E a cena final com, onde ela canta ''My Man'', é a deliciosa cereja nesse belíssimo bolo que é o trabalho de Barbra Streisand no filme. Icônica.



1º Lugar: Katharine Hepburn, The Lion in Winter (O Leão no Inverno)

Se eu pudesse fazer um paralelo entre personagens e performances, eu diria que a Eleanor de ''Leão no Inverno'' representa para Hepburn o equivalente a Margo Channing em ''A Malvada'' para Bette Davis. Ambas são personagens incríveis que sintetizam muito bem a imagem e a forma de atuar que consagrou as duas grandes atrizes americanas de todos os tempos. E se eu estou comparando Hepburn em ''Leão'' com Davis em ''Malvada'', você sabe que o tiro foi certeiro.

A personagem de Hepburn é uma das mais deliciosas a ser indicada ao Oscar. Cada ''delivery'' de falas, cada dar de ombros ou qualquer que seja a captação de imagem feita da Hepburn é um total reflexo de uma atriz que entendeu sua personagem muito além do esperado, ela acaba vivendo cada minuto como se Eleanor não fosse ficção, mas uma incrível realidade. A atriz jamais se deixa abater perante seu companheiro de cena, um excelente Peter O'Toole. E permanece altiva e vivaz por todo o longa mesmo enfrentando muitos trancos e barrancos nessa jornada real

Hepburn é capaz de controlar toda a fúria e ódio que sua personagem apresenta com uma classe que demanda não só talento, mas uma total e imersiva presença de cena. Ela sempre joga seus diálogos com um veneno assassino que atinge diretamente na jugular de quem quer que ouse passar pelo seu caminho. E quando precisa mostrar as incertezas e vulnerabilidades da rainha, ela o faz com a destreza da gênia que sempre foi. É como se todas as qualidades de Hepburn se condensassem em um perfeito e uníssono trabalho que ficará para sempre marcado como uma das maiores performances femininas de todos os tempos. Viva a Rainha! Viva!

Porém, tivemos uma grande esnobada nesse ano. Sabe QUEM?


Liv Ullmann, Skammen (Vergonha)

 Mesmo que eu reafirme o quanto essa seleção é incrível e que, no fim das contas, qualquer vitória seria merecida, é impossível eu não destacar aqui o trabalho de Ullmann em mais uma obra-prima do mestre Bergman.

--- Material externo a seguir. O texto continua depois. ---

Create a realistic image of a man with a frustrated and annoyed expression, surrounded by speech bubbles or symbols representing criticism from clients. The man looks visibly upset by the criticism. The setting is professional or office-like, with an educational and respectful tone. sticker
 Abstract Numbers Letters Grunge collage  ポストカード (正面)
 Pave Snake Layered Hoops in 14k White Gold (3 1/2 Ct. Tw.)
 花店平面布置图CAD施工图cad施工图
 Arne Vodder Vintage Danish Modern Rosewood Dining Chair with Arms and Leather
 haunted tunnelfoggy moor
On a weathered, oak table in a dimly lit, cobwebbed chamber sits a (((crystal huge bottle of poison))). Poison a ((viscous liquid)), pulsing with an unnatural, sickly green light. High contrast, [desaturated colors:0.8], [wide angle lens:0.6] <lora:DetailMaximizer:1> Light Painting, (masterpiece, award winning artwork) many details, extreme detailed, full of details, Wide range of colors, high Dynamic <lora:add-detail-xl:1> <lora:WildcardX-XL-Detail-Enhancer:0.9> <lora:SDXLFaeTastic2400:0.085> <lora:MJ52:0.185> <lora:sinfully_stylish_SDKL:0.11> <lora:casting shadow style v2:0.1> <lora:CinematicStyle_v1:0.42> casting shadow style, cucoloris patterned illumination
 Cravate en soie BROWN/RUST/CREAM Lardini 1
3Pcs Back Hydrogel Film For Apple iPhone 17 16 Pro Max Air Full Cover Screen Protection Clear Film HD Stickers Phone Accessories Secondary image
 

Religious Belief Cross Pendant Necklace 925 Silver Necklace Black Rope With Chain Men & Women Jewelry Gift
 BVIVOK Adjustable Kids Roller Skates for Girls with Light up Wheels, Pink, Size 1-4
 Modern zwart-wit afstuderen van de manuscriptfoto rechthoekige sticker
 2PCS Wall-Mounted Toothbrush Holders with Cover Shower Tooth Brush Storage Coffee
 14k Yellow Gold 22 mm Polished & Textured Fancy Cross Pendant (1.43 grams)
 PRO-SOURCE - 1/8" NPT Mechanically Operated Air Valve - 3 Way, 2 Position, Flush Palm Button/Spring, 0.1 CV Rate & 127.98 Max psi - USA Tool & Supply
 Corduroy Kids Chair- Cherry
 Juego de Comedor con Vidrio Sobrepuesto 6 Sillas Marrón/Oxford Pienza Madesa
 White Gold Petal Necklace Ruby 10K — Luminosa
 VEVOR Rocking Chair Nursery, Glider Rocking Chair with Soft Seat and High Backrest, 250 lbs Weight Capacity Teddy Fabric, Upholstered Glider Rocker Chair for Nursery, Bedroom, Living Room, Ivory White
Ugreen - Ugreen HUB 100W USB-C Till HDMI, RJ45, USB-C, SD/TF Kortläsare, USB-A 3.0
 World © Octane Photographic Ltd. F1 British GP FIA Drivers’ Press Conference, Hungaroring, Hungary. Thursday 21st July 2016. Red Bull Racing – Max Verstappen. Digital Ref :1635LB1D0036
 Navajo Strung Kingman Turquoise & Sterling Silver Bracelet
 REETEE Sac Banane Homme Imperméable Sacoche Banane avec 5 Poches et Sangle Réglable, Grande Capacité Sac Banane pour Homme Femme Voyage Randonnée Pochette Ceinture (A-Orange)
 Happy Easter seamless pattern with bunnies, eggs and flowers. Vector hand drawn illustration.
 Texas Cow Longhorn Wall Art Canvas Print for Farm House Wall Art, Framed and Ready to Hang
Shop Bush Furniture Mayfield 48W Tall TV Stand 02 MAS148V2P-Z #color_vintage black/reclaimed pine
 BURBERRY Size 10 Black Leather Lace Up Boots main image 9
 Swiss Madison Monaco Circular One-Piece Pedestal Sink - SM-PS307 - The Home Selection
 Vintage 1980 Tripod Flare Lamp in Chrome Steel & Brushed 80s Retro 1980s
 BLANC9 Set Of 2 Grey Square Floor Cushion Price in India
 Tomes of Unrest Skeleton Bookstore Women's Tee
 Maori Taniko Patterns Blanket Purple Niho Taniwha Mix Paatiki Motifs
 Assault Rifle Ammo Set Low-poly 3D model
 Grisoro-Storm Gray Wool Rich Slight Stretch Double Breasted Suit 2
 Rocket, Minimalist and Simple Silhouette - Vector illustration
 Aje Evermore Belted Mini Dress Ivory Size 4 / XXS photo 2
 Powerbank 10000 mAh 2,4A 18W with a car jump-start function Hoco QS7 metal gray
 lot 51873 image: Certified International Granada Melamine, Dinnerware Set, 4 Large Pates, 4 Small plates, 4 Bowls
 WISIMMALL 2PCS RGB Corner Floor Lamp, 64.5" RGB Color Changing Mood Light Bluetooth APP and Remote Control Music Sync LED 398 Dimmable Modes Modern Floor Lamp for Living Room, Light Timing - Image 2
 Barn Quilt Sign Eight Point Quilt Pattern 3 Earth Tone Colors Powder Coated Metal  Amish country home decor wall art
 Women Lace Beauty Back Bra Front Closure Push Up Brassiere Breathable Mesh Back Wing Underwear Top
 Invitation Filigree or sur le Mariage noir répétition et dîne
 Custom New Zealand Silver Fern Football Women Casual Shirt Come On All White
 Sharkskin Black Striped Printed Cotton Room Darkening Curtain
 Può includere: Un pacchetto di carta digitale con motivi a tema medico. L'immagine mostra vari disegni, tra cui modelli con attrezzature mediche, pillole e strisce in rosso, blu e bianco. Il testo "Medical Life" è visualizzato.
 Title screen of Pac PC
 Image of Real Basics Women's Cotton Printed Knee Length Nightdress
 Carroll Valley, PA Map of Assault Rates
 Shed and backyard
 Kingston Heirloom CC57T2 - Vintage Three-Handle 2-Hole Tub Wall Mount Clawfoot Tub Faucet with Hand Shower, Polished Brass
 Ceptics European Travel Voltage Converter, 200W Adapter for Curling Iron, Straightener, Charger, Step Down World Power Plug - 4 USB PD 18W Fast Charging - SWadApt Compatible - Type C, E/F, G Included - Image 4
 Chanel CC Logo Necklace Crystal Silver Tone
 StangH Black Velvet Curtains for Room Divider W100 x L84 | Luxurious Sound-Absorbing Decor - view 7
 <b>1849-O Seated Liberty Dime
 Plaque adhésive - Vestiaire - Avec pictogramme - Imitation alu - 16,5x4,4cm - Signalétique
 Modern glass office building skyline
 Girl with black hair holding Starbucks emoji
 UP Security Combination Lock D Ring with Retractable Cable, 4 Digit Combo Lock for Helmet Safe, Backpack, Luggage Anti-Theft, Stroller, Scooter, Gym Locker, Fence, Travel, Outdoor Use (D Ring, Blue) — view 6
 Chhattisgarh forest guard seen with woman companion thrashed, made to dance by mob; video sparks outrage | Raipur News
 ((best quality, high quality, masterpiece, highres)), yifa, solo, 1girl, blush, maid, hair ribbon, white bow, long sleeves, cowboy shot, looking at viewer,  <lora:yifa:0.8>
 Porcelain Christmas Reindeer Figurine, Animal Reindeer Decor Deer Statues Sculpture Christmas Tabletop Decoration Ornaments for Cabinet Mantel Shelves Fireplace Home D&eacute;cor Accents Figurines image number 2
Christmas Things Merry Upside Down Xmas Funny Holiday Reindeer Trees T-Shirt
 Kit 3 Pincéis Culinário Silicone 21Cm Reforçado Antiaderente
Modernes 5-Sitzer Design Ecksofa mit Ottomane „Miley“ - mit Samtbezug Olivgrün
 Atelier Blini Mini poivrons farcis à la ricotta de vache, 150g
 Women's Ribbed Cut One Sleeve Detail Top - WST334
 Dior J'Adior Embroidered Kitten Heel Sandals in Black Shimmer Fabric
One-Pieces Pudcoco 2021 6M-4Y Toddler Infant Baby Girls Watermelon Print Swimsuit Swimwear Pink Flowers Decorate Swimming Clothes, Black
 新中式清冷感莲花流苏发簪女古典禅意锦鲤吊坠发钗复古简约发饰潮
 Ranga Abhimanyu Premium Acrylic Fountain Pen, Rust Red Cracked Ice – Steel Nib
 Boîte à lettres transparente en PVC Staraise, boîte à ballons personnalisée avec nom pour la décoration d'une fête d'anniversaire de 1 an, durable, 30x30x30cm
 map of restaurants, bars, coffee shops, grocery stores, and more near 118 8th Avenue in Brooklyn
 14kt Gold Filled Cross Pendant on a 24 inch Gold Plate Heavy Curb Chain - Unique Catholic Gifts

Ullmann, a outra queridinha da crítica do ano, faz uma mulher que precisa encarar as consequências de um país em guerra. Porém, a personagem não é só uma pessoa sofredora, pelo contrário, é uma mulher com muita fibra capaz de aguentar um marido nada fácil de lidar e que enfrenta uma jornada muito dura durante toda a projeção do longa. A atriz consegue dominar a tela por completo, sendo capaz de lidar com um mix de emoções que vão do desespero ao ódio em uma crescente muito inteligente e capaz de refletir o caos que Eva está sendo lançada ali.

Duas cenas que sintetizam bem o trabalho maravilhoso de Ullmann são as que ela fala sobre ter um filho antes e depois de um fato ocorrido no filme. A forma como ela sente o pesar daquele mundo e como isso lhe afeta tão diretamente é tão poderoso e intuitivo que fica difícil resistir ao trabalho da atriz. Realmente estupendo.